Ancak çoğu distopya hikayesi gibi oldukça merak uyandırıcı ve sürükleyici başlayıp sonradan hikâyenin havası kaçan bir yapım. Bu yüzden bu oyunun filmi veya dizisi yapılacak olursa hikâyenin biraz düzenlenmeye ihtiyacı var. Oyun, Nikola Tesla’nın üzerinde şekillenen bir distopyaya sahip. Tesla’nın hala yaşadığı ve oldukça büyük bir güce sahip olduğu bir hikâyeyi anlatıyor. Ana karakterimiz de kardeşine yardım etmek için bir yere gidiyor ve orada oldukça enteresan olaylara tanıklık ediyor. Ayrıca oyunun daha ilk dakikalarından da anlaşılacağı gibi zaman yolculuğu teması mevcut.

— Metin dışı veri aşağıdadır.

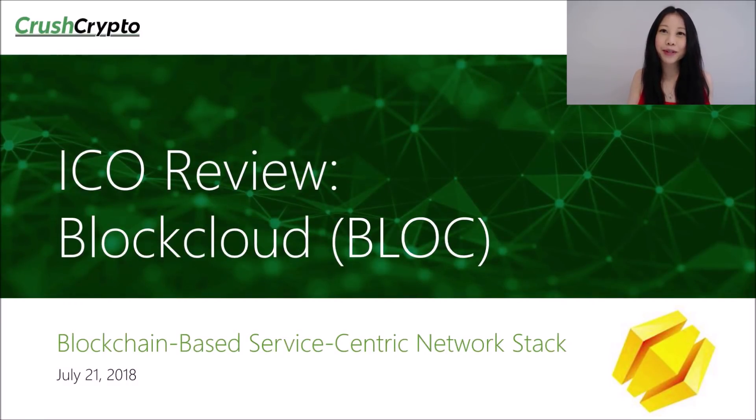Hi, this is Victoria from CrushCrypto.com. For this video, I will be reviewing an upcoming ICO project called BlockCloud. As always, we are not paid or mandated to do any of our reviews. This is just a personal opinion and analysis for educational purposes only and not financial advice. Please always do your own research before making any investment decisions.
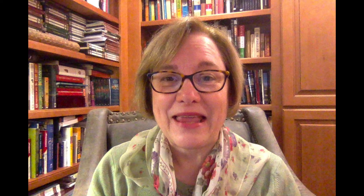August 24th was the day in 79 AD when Mount Vesuvius erupted, burying the Roman town of Pompeii. So this is a good day to share a recent acquisition with you: a view of Naples with Mount Vesuvius erupting. This landscape is by Thomas Jones, a Welsh artist who created it around 1780 while working in Italy.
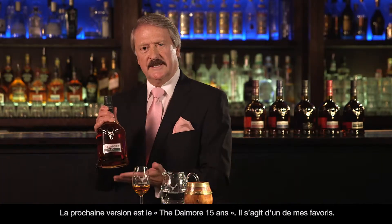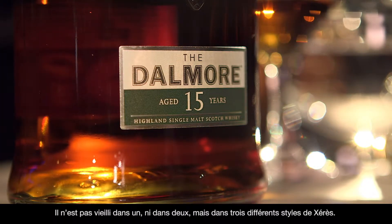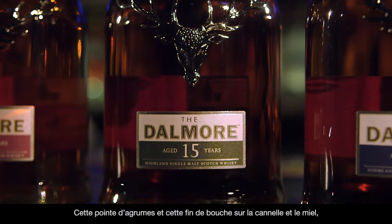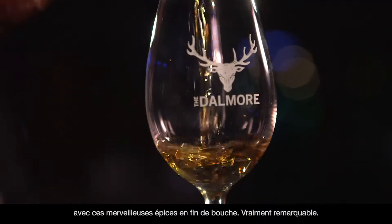The next expression is the Dalmore 15 years old. This is one of my favourites. This is matured not in one, not in two, but in three different styles of sherry: amoroso, apostolis, and metusulam. The result — warm, rich, sensual — that hint of tangerines and the aftertaste of cinnamon, honey, and that lovely spice towards the end. Truly remarkable.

Dediğim gibi hikâye biraz değiştirilebilirse, oldukça başarılı bir film veya dizi çıkabilir. Ya direkt olarak başlayıp biten, sonunda hiçbir soru işareti bırakmayan bir film veya tek sezondan oluşan biraz daha keşfetmeye ve merak unsuruna dayalı bir dizi olabilir. Açıkçası aklıma herhangi bir yönetmen gelmedi. Ancak nedense film olursa Ridley Scott iyi bir tercih olur gibi geldi.

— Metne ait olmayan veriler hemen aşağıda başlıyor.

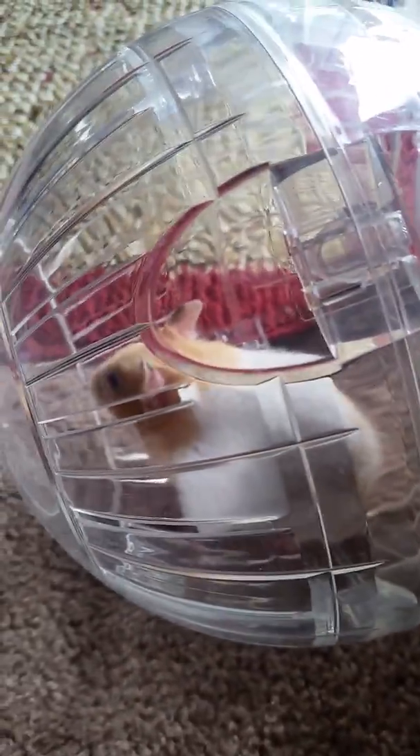Stop running into the wall, sweetie. No, don't push it Christopher. How did she get over here? She just moved. She keeps running into stuff.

Ayrıca yine The Swapper’da olduğu gibi bu oyun için de bir tavsiye yazımız mevcut.
Buraya tıklayarak o yazıya da ulaşabilirsiniz.
Divinity Original Sin
İlk oyunu 2014, ikinci oyunu 2018 yılında yayınlanan serinin geliştiricisi Larian Studios. Kendileri şu anda Baldur’s Gate 3’ü geliştiriyor. Her iki oyun da hatta şu anda geliştirdikleri son oyun da tamamen Dungeons and Dragons tabanlı bir oyun, yani kısaca FRP diyebiliriz. Dungeons and Dragons oyunlarında genel olarak ana odak hikâye olmaz, oynanış ve evrenin kendisi olur. Divinity Original Sin serisi de aslında öyle. Ortalama bir hikâyeye sahip seri aslında ama evreni ve oynanışı gerçekten oldukça keyifli. Oynanışına dair detaylar bu yazının konusu değil, ama kısa olarak özet geçmek gerekirse aynı FRP oyunlarında olduğu gibi sıra tabanlı savaş sistemine sahip bir açık dünya RPG oyunu.
Bu yazıda oyunun bahsetmek istediğim özelliği ise evreni. Dediğim gibi hikayesi çok da muhteşem değil. Ancak ırklar, ırkların geçmişi, karakterler, evrenin yaratılışı, haritası ve tüm yan karakterlerine kadar oldukça özenli ve detaylı bir şekilde uğraşılmış. Divinity Original Sin’in güzel bir dizi veya film olabilmesi için mutlaka kaliteli bir senarist bulunmalı. Yaratılan evrenin içinden çok başarılı hikayeler çıkabilir. Ya da oyunlardaki hikâyeyi biraz revize ederek çok başarılı bir senaryo çıkartılabilir. Hatta bu evreni bir film veya dizi olarak değil, roman olarak da görmeyi açıkçası çok isterim. Gerçekten ilgi uyandıran bir evreni var. Ancak konumuz dizi veya film olduğu için oraya geri dönüyorum. Böylesine geniş bir evrenin CGI ile dolu olacağını düşünürsek dizi olması mantıksız olur. Bu yüzden bu oyundan güzel bir film serisi çıkabilir. Yönetmen olarak da CGI konusunda usta olan veya bu tarz fantastik yapımlarda usta olan biri yönetmen olarak uygun olur. Ayrıca dediğim gibi bir de senaryoyu yazacak veya güzelleştirecek bir senariste ihtiyaç var. Yapımın asıl kritik noktası kesinlikle senaryosu.